Open sallyFoster opened 4 days ago
You should fill in the issue template.
Anyway I can reproduce the problem. It happens because of https://github.com/LemmyNet/lemmy/pull/4957 which fetches only a limited amount of data for previews to reduce cpu usage. The problem is that youtube in particular includes a huge amount of javascript in the html file, so the opengraph tags appear much later than 64 bytes. I was able to fetch youtube metadata with bytes_to_fetch = 1000 * 1024
but that makes the optimization almost useless.
cc @phiresky
I don't think that makes the optimization entirely useless, as it still avoids downloading multiple MB
I'd be fine with increasing that, although its frustrating that youtube decides to insert a megabyte of javascript before the usable opengraph tags.

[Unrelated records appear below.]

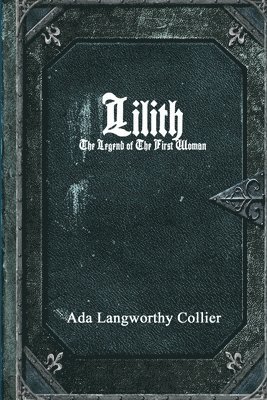 Lilith: the Legend of the First Woman 1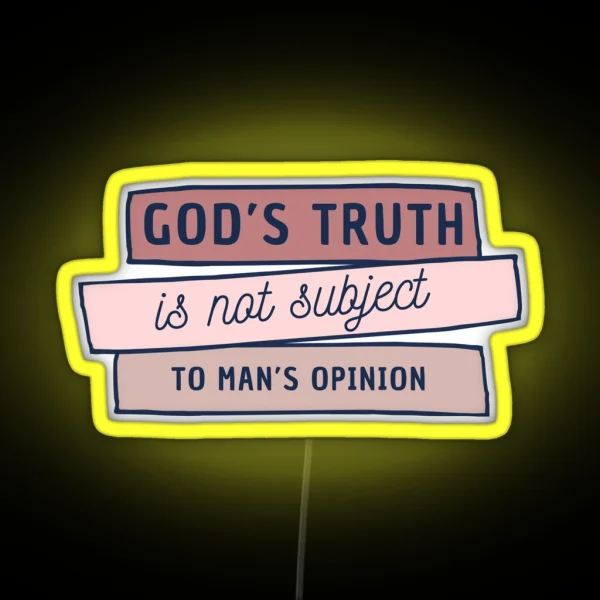 God S Truth RGB Neon Sign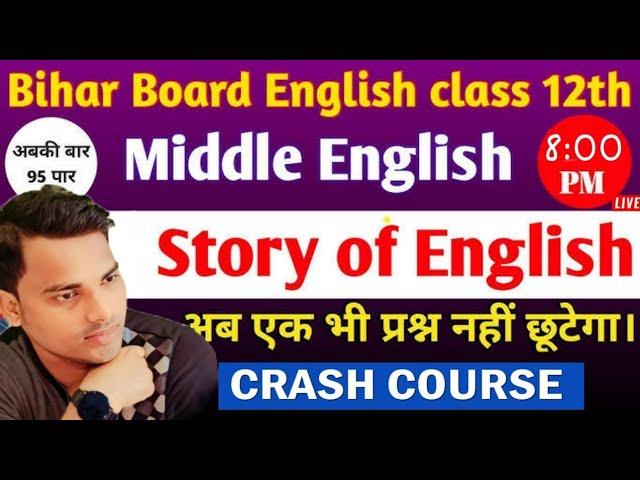 12th. English crash course , Story of English ( Middle English  )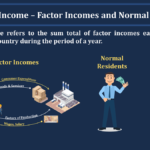 National Income – Factor Incomes and Normal Residents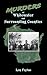 Murders of Whitewater and Surrounding Counties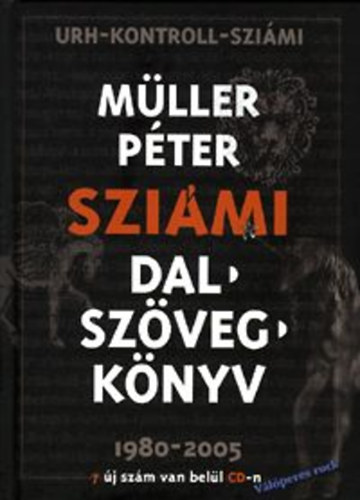 Mller Pter (Szimi) - Szimi - Dalszvegknyv 1980-2005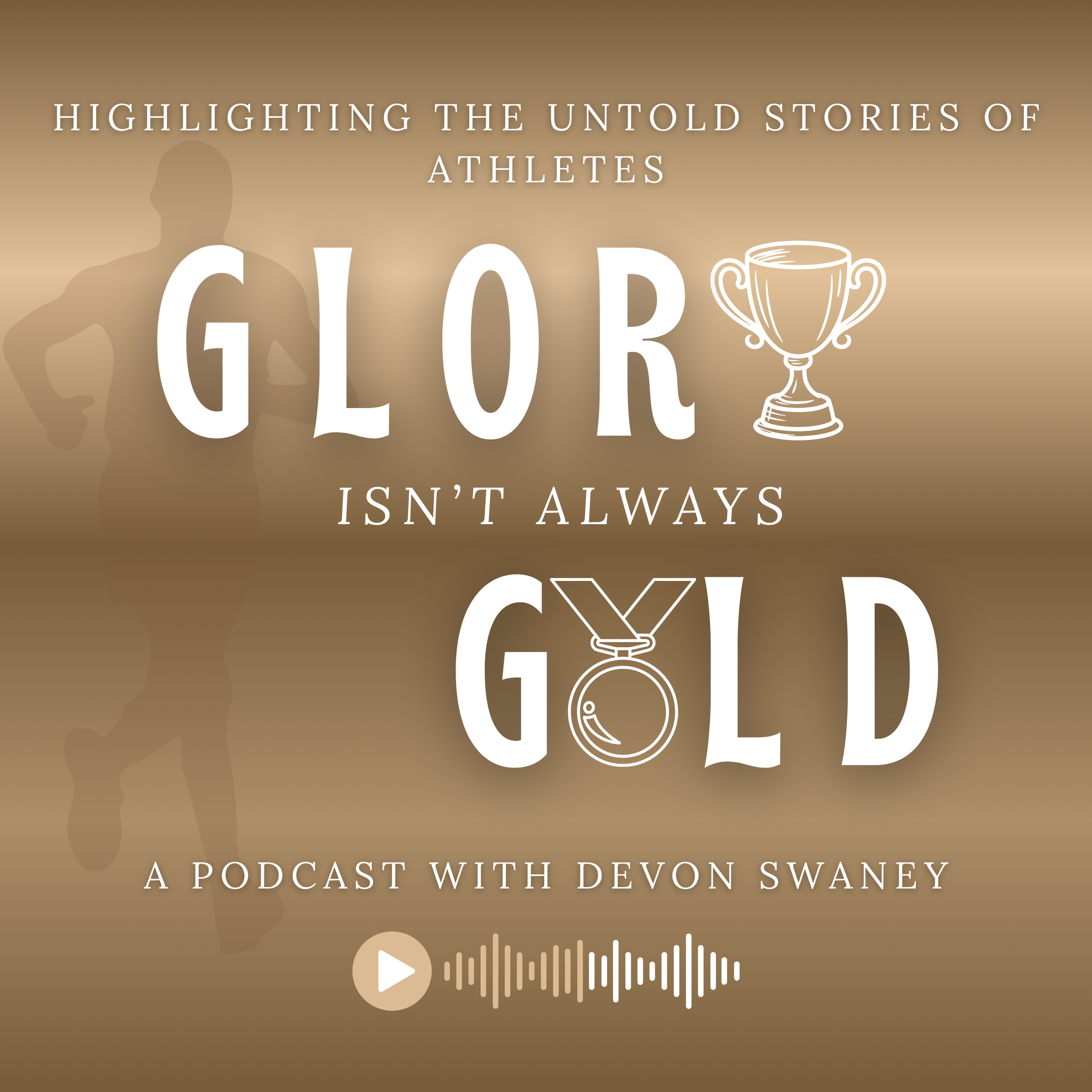 Glory Isn't Always Gold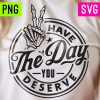 Get the Perfect Day PNG SVG ArtPush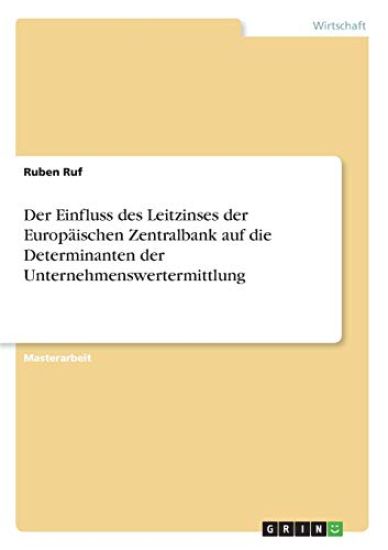 Der Einfluss des Leitzinses der Europäischen Zentralbank auf die Determinanten der Unternehmenswertermittlung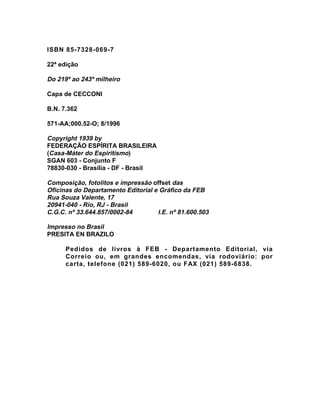 ISBN 85-7328-069-7

22ª edição

Do 219º ao 243º milheiro

Capa de CECCONI

B.N. 7.362

571-AA;000.52-O; 8/1996

Copyright 1939 by
FEDERAÇÃO ESPÍRITA BRASILEIRA
(Casa-Máter do Espiritismo)
SGAN 603 - Conjunto F
78830-030 - Brasília - DF - Brasil

Composição, fotolitos e impressão offset das
Oficinas do Departamento Editorial e Gráfico da FEB
Rua Souza Valente, 17
20941-040 - Rio, RJ - Brasil
C.G.C. nº 33.644.857/0002-84        I.E. nº 81.600.503

Impresso no Brasil
PRESITA EN BRAZILO

      Pedidos de livros à FEB - Departamento Editorial, via
      Correio ou, em grandes encomendas, via rodoviário: por
      carta, telefone (021) 589-6020, ou FAX (021) 589-6838.
 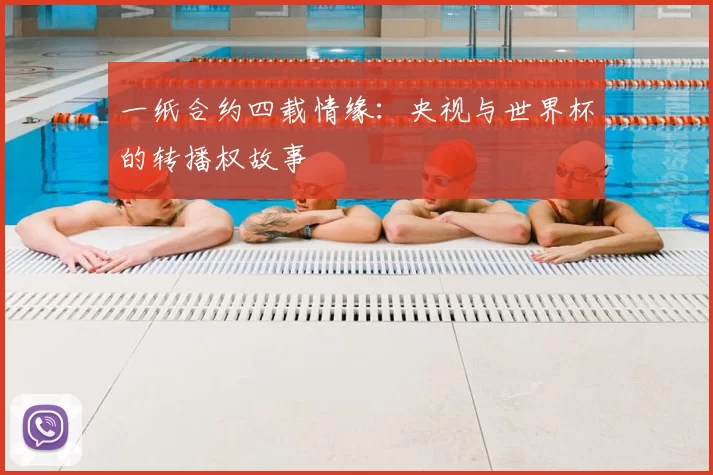 一纸合约四载情缘:央视与世界杯的转播权故事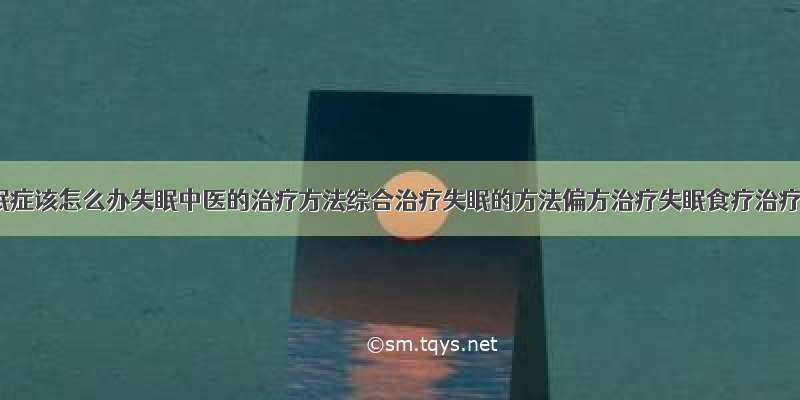 得了失眠症该怎么办失眠中医的治疗方法综合治疗失眠的方法偏方治疗失眠食疗治疗失眠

Checking a random youtube video, the og:* tags are at around 500kB. Ridiculous how they insert so much crap before. A lot of the optimization in #4957 comes from looking at the Content-Type header. the byte limit is more as a fallback because this request is a DOS opportunity and you can of course change the Content-Type header and still send data that makes an HTML parser take ages to parse the result. One megabyte is maybe fine I guess, but it's not ideal. If we change the limit I think we should at least add a log that logs when the CPU use of this operation is > 100ms or so so we can tell when this is happening again (it was not a trivial thing to find)
possible patch:
diff --git a/crates/api_common/src/request.rs b/crates/api_common/src/request.rs
index 36010f760..f2c2aeecc 100644
--- a/crates/api_common/src/request.rs
+++ b/crates/api_common/src/request.rs
@@ -32,10 +32,11 @@ use reqwest::{
};
use reqwest_middleware::ClientWithMiddleware;
use serde::{Deserialize, Serialize};
-use tracing::info;
+use tracing::{info, warn};
use url::Url;
use urlencoding::encode;
use webpage::HTML;
+use std::time::Instant;
pub fn client_builder(settings: &Settings) -> ClientBuilder {
let user_agent = format!("Lemmy/{VERSION}; +{}", settings.get_protocol_and_hostname());
@@ -51,9 +52,8 @@ pub fn client_builder(settings: &Settings) -> ClientBuilder {
#[tracing::instrument(skip_all)]
pub async fn fetch_link_metadata(url: &Url, context: &LemmyContext) -> LemmyResult<LinkMetadata> {
info!("Fetching site metadata for url: {}", url);
- // We only fetch the first 64kB of data in order to not waste bandwidth especially for large
- // binary files
- let bytes_to_fetch = 64 * 1024;
+ // We fetch the first 1MB of data to ensure we get all metadata
+ let bytes_to_fetch = 1024 * 1024;
let response = context
.client()
.get(url.as_str())
@@ -91,9 +91,24 @@ pub async fn fetch_link_metadata(url: &Url, context: &LemmyContext) -> LemmyResu
// only take first bytes regardless of how many bytes the server returns
let html_bytes = collect_bytes_until_limit(response, bytes_to_fetch).await?;
- extract_opengraph_data(&html_bytes, url)
+
+ // Track parsing time
+ let parse_start = Instant::now();
+ let result = extract_opengraph_data(&html_bytes, url)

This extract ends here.